After examination I am of opinion that City of Bellaire v. B. O. Ry. Co. and Central O. Ry. Co., 146 U.S. 117, 13 S. Ct. 16, 36 L. Ed. 910, does not support the motion to remand. In that case there was shown merely an indeterminate community of interest among the defendants, described in the words. "`Said defendants claim to be the owners, legal and equitable,' `but as to the proportionate interest of each of said defendants this plaintiff is not advised.'" There the land was owned by the Central Ohio Railroad Company, and in the land within the fee-simple estate was the leasehold estate of the Baltimore Ohio Railway Company. In the case before me the petition shows that the Mining Company owns the land, and Finch the timber. Nor do I think that Torrence v. Shedd, 144 U.S. 527, 12 S. Ct. 726, 36 L. Ed. 528, is an authority in point. That was a suit for partition of land, brought by Torrence against Shedd, Brown, and 90 others. It was for the partition of a tract of land, Torrence claiming an undivided one-third interest. The removal, held to be erroneous, was by the plaintiff and one of the defendants, Brown, who alleged that by reason of Sorin's intervention and appearance, answer and cross-bill, a separate controversy was presented between citizens of different states which could be fully determined as between them in the state court. That case is no more than a reaffirmation of the doctrine that in order to justify the removal on the ground of a separate controversy between citizens of different states, the whole subject-matter of the suit must be capable of being finally determined as between them and complete relief afforded as to the separate cause of action without the presence of others originally made parties to the suit. The court held that "the suit could not be determined as between them without the presence of the other defendants." Such state of facts does not exist in this case. This motion must be denied if there exists in the suit a separate and distinct cause of action against the Mining Company on which a separate and distinct suit might properly have been brought and complete relief afforded in that cause. Fraser v. Jennison, 106 U.S. 191, 1 S. Ct. 171, 27 L. Ed. 131; Winchester v. Loud, 108 U.S. 130, 2 S. Ct. 311, 27 L. Ed. 677; Hyd v. Ruble, 104 U.S. 407, 26 L. Ed. 823.

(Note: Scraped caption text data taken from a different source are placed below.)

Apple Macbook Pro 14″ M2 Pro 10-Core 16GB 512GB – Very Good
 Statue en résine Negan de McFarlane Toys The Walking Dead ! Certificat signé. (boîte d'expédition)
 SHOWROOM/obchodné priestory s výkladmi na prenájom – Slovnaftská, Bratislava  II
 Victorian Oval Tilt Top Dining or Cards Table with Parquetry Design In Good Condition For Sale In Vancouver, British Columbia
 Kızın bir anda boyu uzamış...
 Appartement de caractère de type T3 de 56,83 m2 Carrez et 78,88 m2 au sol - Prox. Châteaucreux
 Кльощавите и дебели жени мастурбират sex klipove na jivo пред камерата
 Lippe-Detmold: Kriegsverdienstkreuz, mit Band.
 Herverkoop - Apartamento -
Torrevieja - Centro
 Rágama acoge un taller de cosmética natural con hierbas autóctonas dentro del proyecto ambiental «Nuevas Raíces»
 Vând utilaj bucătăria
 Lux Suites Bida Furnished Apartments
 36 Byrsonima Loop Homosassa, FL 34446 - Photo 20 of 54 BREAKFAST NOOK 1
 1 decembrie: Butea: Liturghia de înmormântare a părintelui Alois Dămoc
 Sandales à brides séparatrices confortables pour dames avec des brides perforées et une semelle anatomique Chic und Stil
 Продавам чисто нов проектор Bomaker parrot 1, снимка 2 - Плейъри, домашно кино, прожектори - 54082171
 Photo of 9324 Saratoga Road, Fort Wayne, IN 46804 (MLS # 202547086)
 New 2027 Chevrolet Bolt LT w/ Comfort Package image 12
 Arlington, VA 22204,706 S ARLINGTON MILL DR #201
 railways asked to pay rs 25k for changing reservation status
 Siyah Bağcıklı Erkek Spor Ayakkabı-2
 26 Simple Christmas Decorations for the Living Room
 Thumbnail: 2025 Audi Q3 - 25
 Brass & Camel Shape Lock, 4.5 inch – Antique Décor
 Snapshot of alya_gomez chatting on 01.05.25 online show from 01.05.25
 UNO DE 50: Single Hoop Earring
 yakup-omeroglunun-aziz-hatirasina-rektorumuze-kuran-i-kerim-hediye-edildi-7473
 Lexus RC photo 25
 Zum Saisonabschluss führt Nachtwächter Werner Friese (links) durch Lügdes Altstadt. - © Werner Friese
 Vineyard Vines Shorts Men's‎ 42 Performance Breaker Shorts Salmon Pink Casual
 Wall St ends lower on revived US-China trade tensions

Lomax v. Foster Lumber Co., 174 F. 959, 99 C.C.A. 463, can have no influence on this case. There it was apparent that Perry and the Trinity Lumber Company, both residents of Texas, were proper and necessary parties to the cause, and that no separable or separate controversy was shown by the pleadings to exist between them and the Foster Lumber Company, which was capable of complete or partial determination in their absence. Here the Power Company and the Mining Company have presented a controversy which is capable of being finally and fully determined as between them and complete relief afforded in the separate cause of action without the presence of the others made parties in the original suit. Wilson v. Oswego Township, 151 U.S. 56, 67, 14 S. Ct. 259, 38 L. Ed. 70; U.S. Comp. Stat. vol. 1, § 1011, and notes; Removal of Causes (Lewis) §§ 173, 175. And in the Lomax Case it is noted that the Texas Statute cited, page 964, did no more than authorize the plaintiff in cases of that character to join as defendant with the person in possession or any other person who as landlord, remainderman, reversioner, or otherwise claimed title to the property adversely to the plaintiff. Now here no one claims adversely to the Power Company, and the Mining Company alone claims in its own right the full fee in the land, without the timber which has been separated therefrom constructively by its prior disposition to Finch.
As I have indicated, the controversy here is wholly between citizens of different states, the Alabama Power Company, a citizen of Alabama, and the Gregory Hill Gold Mining Company, a citizen of Florida, and which can be fully determined as between them; and, therefore, removal of the suit as between these two parties into this court was proper.
Accordingly, the motion to remand must be denied.